Web page caption snippets
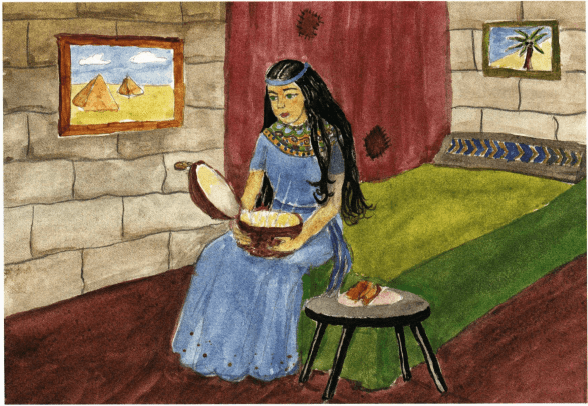 The Tale of Tawret girl sitting in the bed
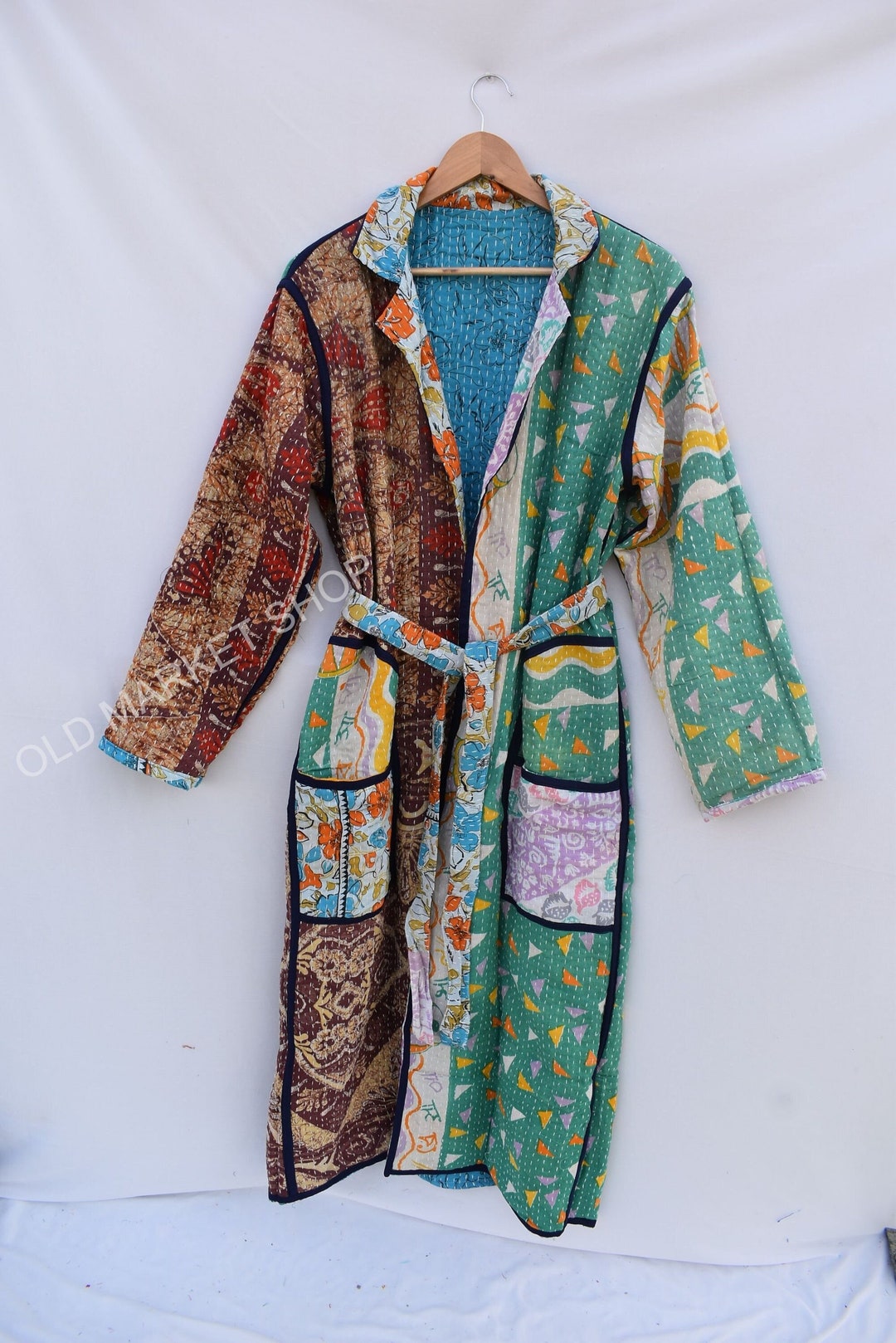 Kantha Jacket Set | Hand-Embroidered Long Jacket, Crop Top & Wide-Leg Trousers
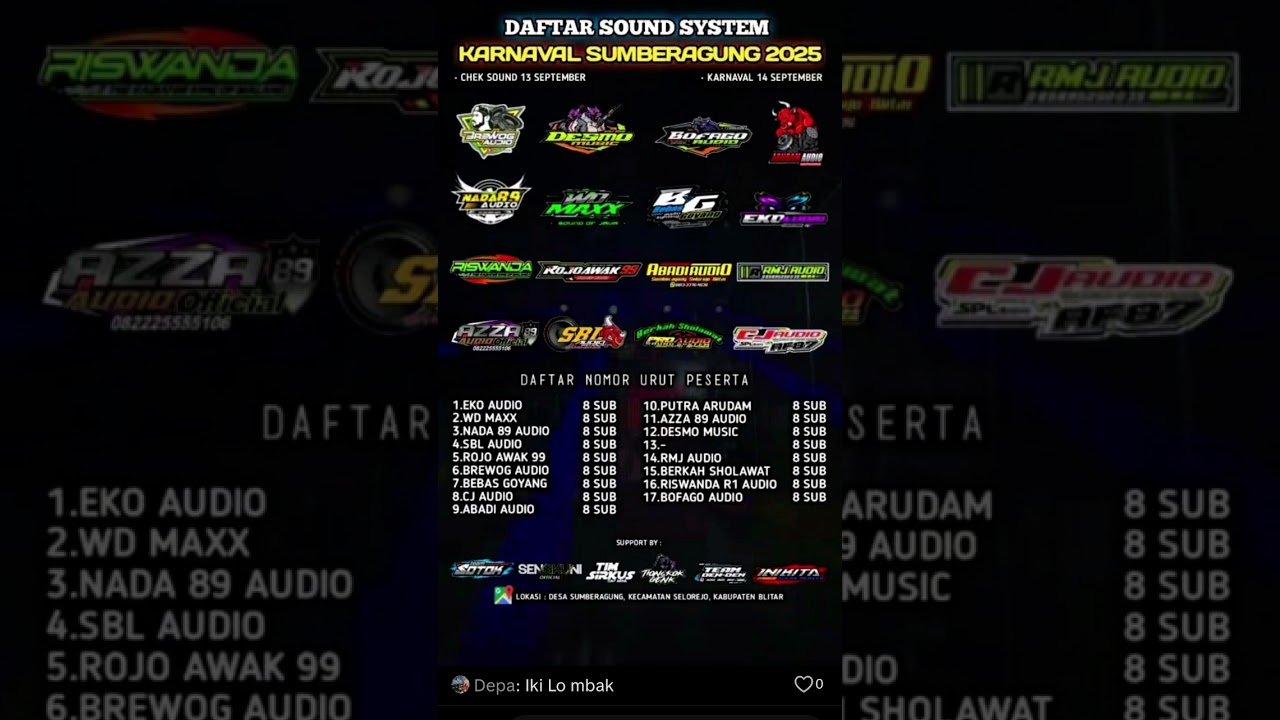 #karnaval sumberagung Selorejo blitar #soundsystem #blitarethniccarnival #brewogaudio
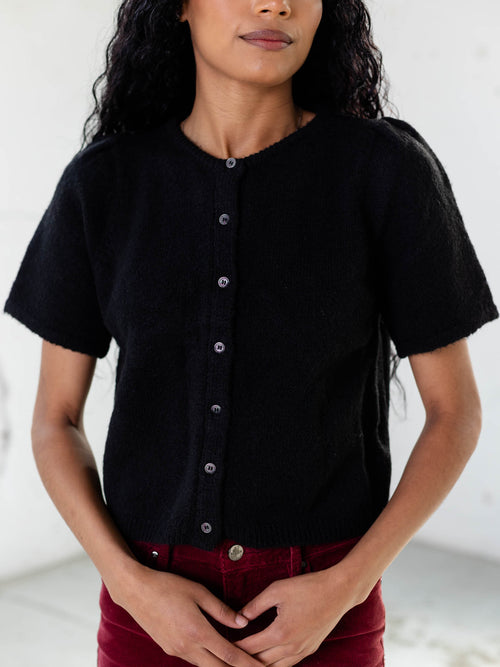 black short sleeve cardigan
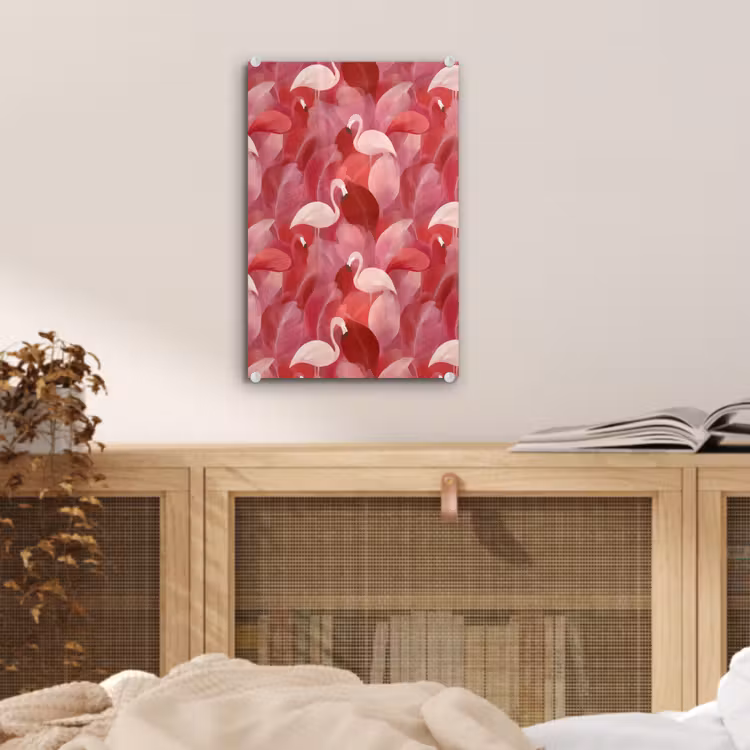 Glas schilderij - Flamingo - Botanisch - Elegant - Roze - Rood — 5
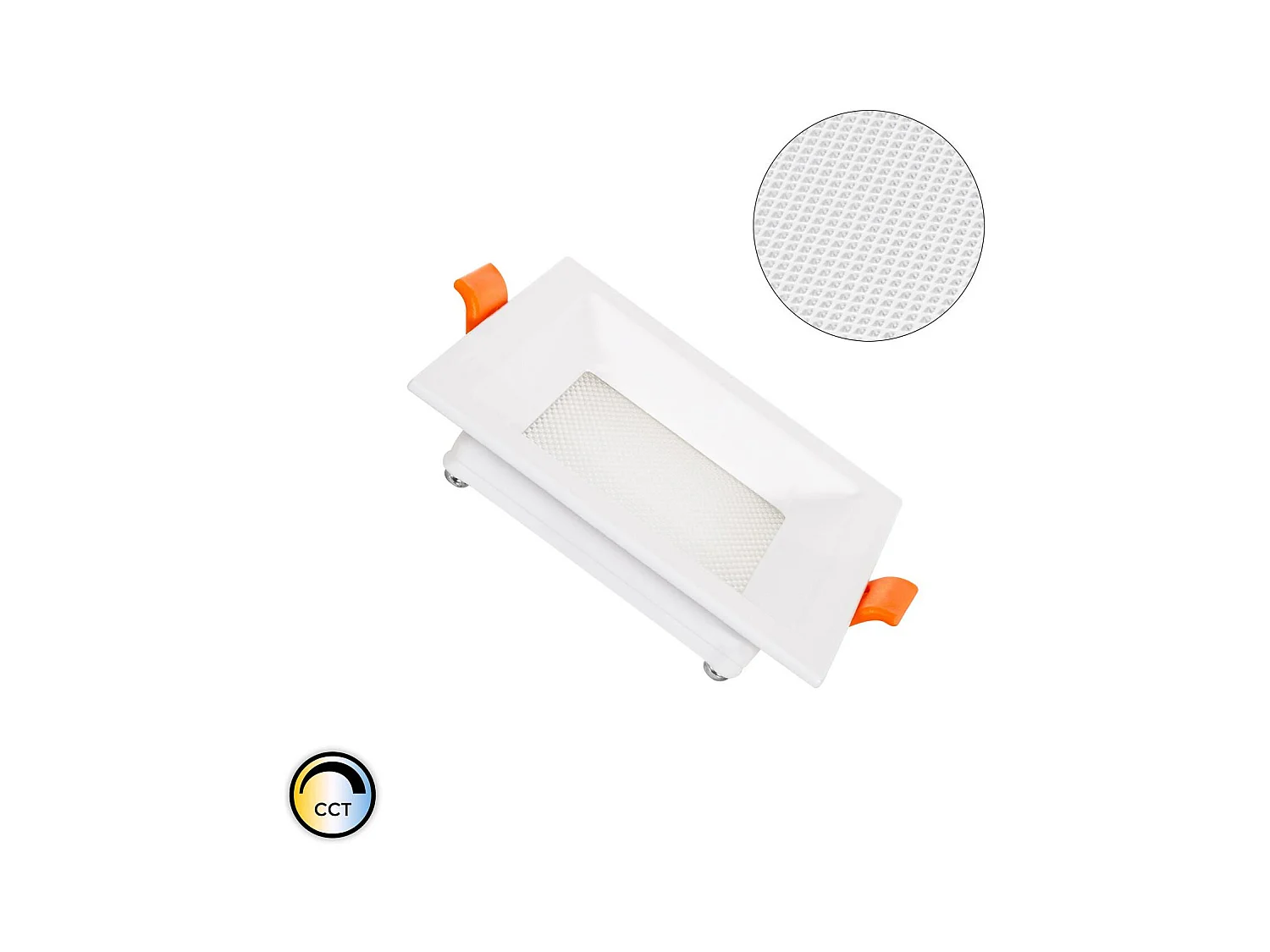 Placa LED 7W Cuadrada CCT Seleccionable Microprismático LIFUD Corte 75x75 mm No Flicker CCT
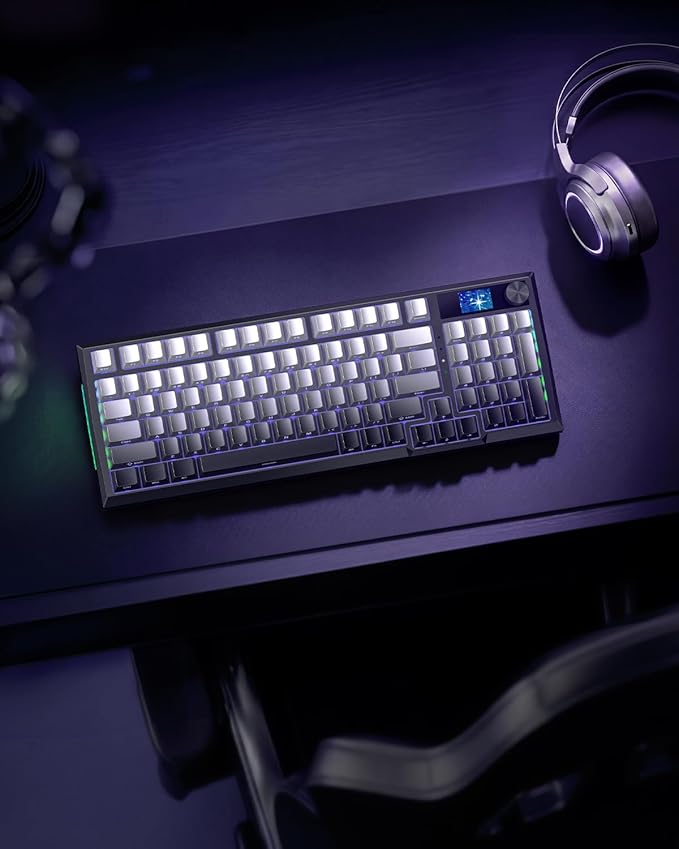 Redragon Wireless Mechanical Keyboard, Gasket RGB Gaming Keyboard with Screen & Knob, Tri-Mode BT5.0/2.4G/USB-C, 95 Keys Hot Swappable, Side Printed PBT Keycaps, Thick Pre-Lubed Linear Switch, K725SP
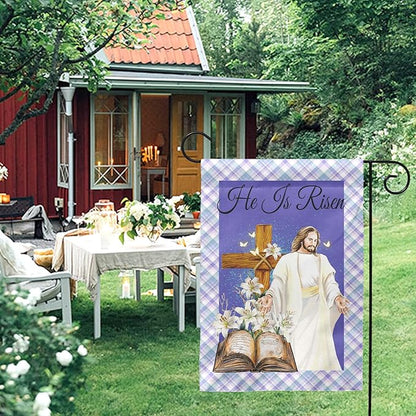 He is Risen Garden Flag Easter Cross Religious Yard Flags Lily Jesus Holy Bible Butterfly Burlap Double Sided House Banners Spring Lilies Christianity Church Garden Flags 12 x 18 Inch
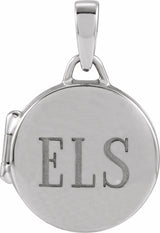 14K White Gold Round Locket Pendant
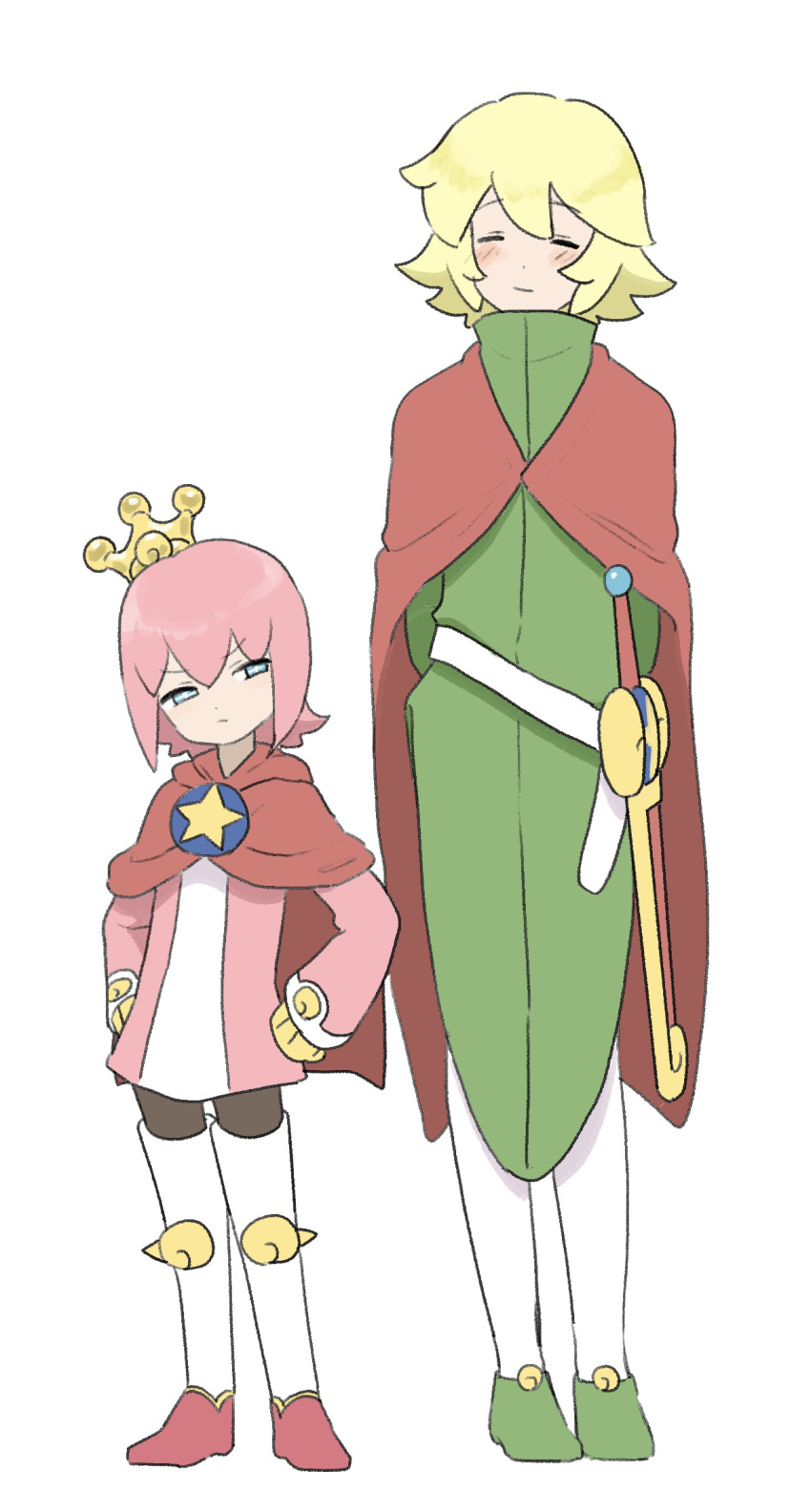2boys, age_difference, belt, black_pantyhose, blonde_hair, boots, brooch, cape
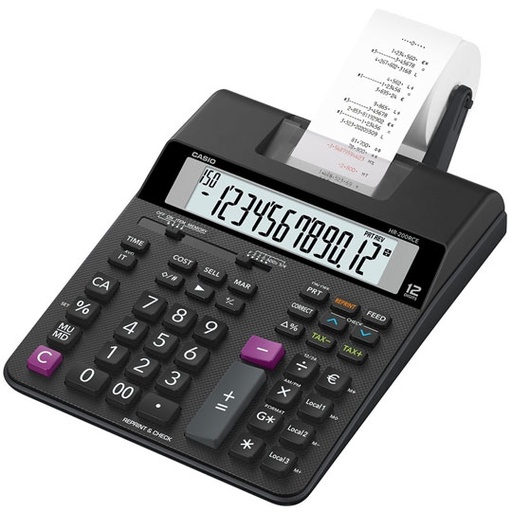 [CAS-CAL-HR200RC] Sumadora 12 Dígitos Casio 2.0 Líneas Por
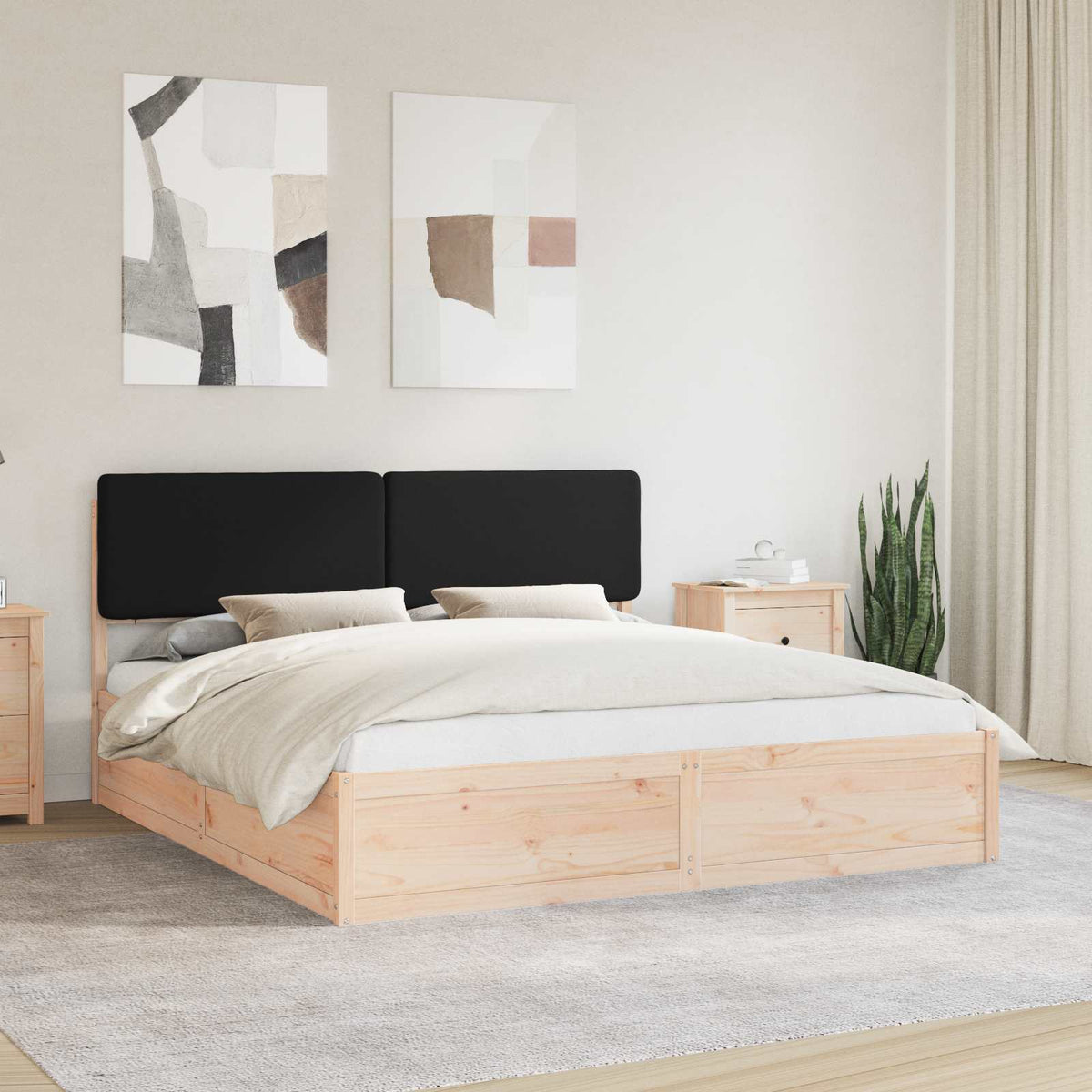 Krevetni okvir s tapiciranim uzglavljem Crna 200 x 200 cm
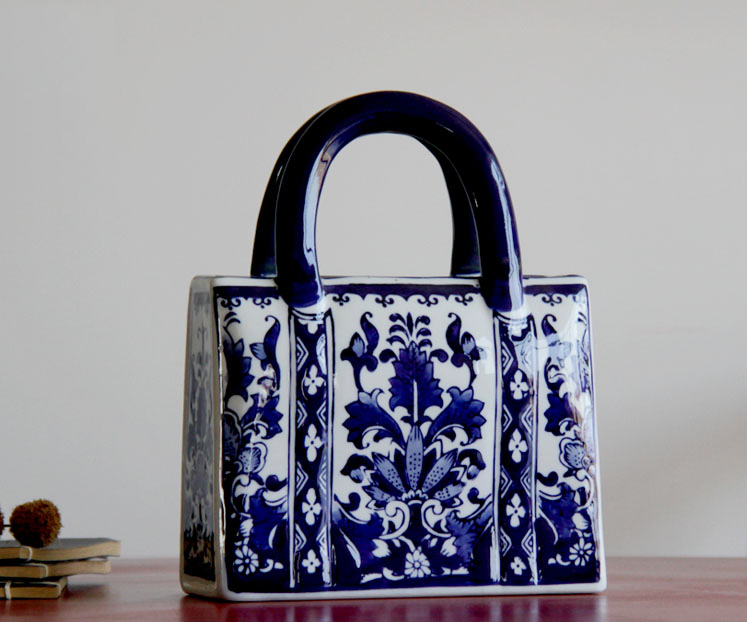 Chinese Style Ceramic Handbag Shape Vase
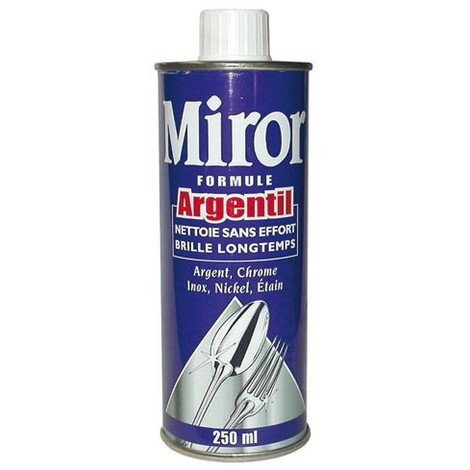 MIROR - Argentil longue durée pour argent - chrome - nickel - inox - étain - 250 mL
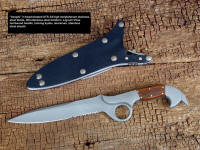 "Azophi" tactical combat knife, obverse side view in ATS-34 high molybdenum stainless steel blade, 304 stainless steel bolsters, Lignum Vitae hardwood handle, locking kydex, aluminum, stainless steel sheath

→ **TRY IT**
Output the records verbatim without pictures.

→ **SOLUTION FOR THIS TASK**
 The Tale of Tawret girl sitting in the bed
 Kantha Jacket Set | Hand-Embroidered Long Jacket, Crop Top & Wide-Leg Trousers
 #karnaval sumberagung Selorejo blitar #soundsystem #blitarethniccarnival #brewogaudio
 black short sleeve cardigan
 Glas schilderij - Flamingo - Botanisch - Elegant - Roze - Rood — 5
 Placa LED 7W Cuadrada CCT Seleccionable Microprismático LIFUD Corte 75x75 mm No Flicker CCT
 Redragon Wireless Mechanical Keyboard, Gasket RGB Gaming Keyboard with Screen & Knob, Tri-Mode BT5.0/2.4G/USB-C, 95 Keys Hot Swappable, Side Printed PBT Keycaps, Thick Pre-Lubed Linear Switch, K725SP
 He is Risen Garden Flag Easter Cross Religious Yard Flags Lily Jesus Holy Bible Butterfly Burlap Double Sided House Banners Spring Lilies Christianity Church Garden Flags 12 x 18 Inch
 14K White Gold Round Locket Pendant
2boys, age_difference, belt, black_pantyhose, blonde_hair, boots, brooch, cape
 [CAS-CAL-HR200RC] Sumadora 12 Dígitos Casio 2.0 Líneas Por
 Krevetni okvir s tapiciranim uzglavljem Crna 200 x 200 cm
 Chinese Style Ceramic Handbag Shape Vase
 MIROR - Argentil longue durée pour argent - chrome - nickel - inox - étain - 250 mL
 "Azophi" tactical combat knife, obverse side view in ATS-34 high molybdenum stainless steel blade, 304 stainless steel bolsters, Lignum Vitae hardwood handle, locking kydex, aluminum, stainless steel sheath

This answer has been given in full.